# Well behaved functions

• Sep 18th 2007, 08:21 PM
myoplex11
Well behaved functions
which of the following are not well behaved funtions:
a)ax^2 + bx+c
b)e^x for all x
c)y= |x|
d)g(x) = cosx + sinx for -pie=< x =< pie and 0 elsewhere
• Sep 18th 2007, 08:28 PM
ThePerfectHacker
Quote:

Originally Posted by myoplex11
which of the following are not well behaved funtions:
a)ax^2 + bx+c
b)e^x for all x
c)y= |x|
d)g(x) = cosx + sinx for -pie=< x =< pie and 0 elsewhere

"Well-behaved" is a term mathematicians use because they are lazy to state all the conditions a function must meet. Hence this term is not well-defined. You need to say what it means over here.
• Sep 19th 2007, 04:56 AM
topsquark
Quote:

Originally Posted by myoplex11
which of the following are not well behaved funtions:
a)ax^2 + bx+c
b)e^x for all x
c)y= |x|
d)g(x) = cosx + sinx for -pie=< x =< pie and 0 elsewhere

(sigh) (Fubar)
Would you eat $\pi$? No.
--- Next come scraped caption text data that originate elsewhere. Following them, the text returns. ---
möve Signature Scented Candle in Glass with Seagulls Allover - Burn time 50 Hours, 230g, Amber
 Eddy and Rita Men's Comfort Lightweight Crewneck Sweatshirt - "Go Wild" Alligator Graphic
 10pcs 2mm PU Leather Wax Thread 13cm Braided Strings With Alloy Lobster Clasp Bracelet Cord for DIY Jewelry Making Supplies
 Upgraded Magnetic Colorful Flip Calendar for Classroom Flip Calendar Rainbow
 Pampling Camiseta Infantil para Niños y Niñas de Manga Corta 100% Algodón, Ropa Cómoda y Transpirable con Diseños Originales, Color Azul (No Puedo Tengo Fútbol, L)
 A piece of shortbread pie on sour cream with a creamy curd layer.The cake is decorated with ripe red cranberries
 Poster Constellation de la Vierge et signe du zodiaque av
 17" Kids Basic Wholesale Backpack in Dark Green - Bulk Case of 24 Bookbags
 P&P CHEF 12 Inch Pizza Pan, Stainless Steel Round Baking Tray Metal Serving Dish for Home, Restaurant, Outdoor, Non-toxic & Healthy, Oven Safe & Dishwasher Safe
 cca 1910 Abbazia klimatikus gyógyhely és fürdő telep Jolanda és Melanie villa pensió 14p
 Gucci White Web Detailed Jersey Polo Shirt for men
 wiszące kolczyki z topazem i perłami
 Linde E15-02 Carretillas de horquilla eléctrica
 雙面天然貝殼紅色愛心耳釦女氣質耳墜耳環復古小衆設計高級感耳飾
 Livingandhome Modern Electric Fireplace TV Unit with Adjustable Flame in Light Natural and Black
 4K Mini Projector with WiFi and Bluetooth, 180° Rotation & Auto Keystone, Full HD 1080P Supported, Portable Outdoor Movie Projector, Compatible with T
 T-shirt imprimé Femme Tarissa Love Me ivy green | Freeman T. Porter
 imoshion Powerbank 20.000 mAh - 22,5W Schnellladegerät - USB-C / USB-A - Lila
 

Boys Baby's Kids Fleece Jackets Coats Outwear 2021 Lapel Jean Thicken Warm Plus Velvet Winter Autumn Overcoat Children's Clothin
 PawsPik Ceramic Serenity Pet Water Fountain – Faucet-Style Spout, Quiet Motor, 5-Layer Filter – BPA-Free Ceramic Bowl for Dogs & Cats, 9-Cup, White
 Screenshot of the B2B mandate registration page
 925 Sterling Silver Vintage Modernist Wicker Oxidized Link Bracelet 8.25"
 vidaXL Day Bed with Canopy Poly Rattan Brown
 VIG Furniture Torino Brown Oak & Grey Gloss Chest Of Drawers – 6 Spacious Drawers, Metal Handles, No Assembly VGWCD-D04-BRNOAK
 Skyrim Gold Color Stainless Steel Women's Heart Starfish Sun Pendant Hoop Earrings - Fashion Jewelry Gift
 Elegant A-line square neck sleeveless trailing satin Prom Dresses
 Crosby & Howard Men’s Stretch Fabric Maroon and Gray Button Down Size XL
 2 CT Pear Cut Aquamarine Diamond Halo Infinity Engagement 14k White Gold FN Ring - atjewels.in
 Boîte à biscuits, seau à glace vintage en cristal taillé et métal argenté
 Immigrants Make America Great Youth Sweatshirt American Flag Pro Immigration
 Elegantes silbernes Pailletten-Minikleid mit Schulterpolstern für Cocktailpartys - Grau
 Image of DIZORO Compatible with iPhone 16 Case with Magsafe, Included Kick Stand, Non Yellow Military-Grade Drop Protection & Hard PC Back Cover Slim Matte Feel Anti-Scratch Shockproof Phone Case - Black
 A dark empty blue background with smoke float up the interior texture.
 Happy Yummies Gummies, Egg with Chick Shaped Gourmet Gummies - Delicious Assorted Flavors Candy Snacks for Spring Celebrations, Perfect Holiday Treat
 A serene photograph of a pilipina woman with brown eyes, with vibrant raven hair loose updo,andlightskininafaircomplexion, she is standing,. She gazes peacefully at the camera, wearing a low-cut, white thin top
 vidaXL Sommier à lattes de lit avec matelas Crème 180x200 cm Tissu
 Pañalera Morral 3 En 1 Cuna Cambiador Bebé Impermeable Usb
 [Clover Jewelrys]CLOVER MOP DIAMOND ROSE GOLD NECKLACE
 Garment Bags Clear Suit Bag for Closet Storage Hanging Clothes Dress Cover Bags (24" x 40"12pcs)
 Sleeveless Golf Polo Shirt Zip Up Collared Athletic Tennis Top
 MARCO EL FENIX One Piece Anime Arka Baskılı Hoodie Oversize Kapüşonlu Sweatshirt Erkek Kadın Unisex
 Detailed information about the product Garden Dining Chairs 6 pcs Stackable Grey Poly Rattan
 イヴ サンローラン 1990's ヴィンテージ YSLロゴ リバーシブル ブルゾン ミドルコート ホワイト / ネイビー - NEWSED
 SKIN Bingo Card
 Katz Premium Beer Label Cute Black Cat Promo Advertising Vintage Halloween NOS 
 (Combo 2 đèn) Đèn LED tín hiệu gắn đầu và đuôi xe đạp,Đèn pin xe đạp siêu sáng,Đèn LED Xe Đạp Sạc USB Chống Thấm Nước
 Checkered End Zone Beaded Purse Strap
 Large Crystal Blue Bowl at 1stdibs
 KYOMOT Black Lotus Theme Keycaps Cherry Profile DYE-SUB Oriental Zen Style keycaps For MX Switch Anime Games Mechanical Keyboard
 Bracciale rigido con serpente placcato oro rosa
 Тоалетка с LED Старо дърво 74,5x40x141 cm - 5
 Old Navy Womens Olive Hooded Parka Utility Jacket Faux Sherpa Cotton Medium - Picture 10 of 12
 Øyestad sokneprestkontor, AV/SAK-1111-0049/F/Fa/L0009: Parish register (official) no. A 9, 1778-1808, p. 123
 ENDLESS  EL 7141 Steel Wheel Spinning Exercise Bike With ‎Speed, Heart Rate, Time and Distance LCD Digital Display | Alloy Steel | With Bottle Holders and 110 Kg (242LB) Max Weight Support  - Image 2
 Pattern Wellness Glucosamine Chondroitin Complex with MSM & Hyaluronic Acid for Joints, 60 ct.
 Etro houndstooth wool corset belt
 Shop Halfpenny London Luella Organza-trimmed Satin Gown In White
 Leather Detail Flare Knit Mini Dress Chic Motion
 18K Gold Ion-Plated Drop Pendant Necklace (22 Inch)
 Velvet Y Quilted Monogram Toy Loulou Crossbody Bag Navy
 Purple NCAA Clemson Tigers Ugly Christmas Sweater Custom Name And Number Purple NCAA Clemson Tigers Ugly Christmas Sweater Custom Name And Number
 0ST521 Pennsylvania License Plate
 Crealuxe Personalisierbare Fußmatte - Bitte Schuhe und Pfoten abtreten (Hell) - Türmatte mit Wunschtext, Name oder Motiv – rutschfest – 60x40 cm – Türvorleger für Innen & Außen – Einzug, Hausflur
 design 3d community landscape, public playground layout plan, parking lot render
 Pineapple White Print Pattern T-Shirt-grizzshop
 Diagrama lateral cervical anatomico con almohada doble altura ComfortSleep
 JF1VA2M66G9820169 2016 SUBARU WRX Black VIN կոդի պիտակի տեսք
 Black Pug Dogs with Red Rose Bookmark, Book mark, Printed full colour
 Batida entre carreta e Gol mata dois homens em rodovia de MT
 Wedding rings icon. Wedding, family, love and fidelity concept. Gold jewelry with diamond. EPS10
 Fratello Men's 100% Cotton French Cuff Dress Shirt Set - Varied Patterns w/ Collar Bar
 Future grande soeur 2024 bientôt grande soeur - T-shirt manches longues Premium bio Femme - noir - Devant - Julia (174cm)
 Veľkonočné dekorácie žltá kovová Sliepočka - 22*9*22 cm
So don't spell it "pie," spell it correctly: "pi."

Okay, this might be what you need: $y = |x|$ is not "smooth." That is to say all the derivatives of y are not continuous. (In fact no derivative of this function is continuous.) In this sense $y = |x|$ is not well behaved.

-Dan
• Sep 19th 2007, 01:10 PM
CaptainBlack
Quote:

Originally Posted by myoplex11
which of the following are not well behaved funtions:
a)ax^2 + bx+c
b)e^x for all x
c)y= |x|
d)g(x) = cosx + sinx for -pie=< x =< pie and 0 elsewhere

Quote:

Originally Posted by topsquark
(sigh) (Fubar)
Would you eat $\pi$? No. So don't spell it "pie," spell it correctly: "pi."

Okay, this might be what you need: $y = |x|$ is not "smooth." That is to say all the derivatives of y are not continuous. (In fact no derivative of this function is continuous.) In this sense $y = |x|$ is not well behaved.

-Dan

d) is not even continuous at +/- pi

RonL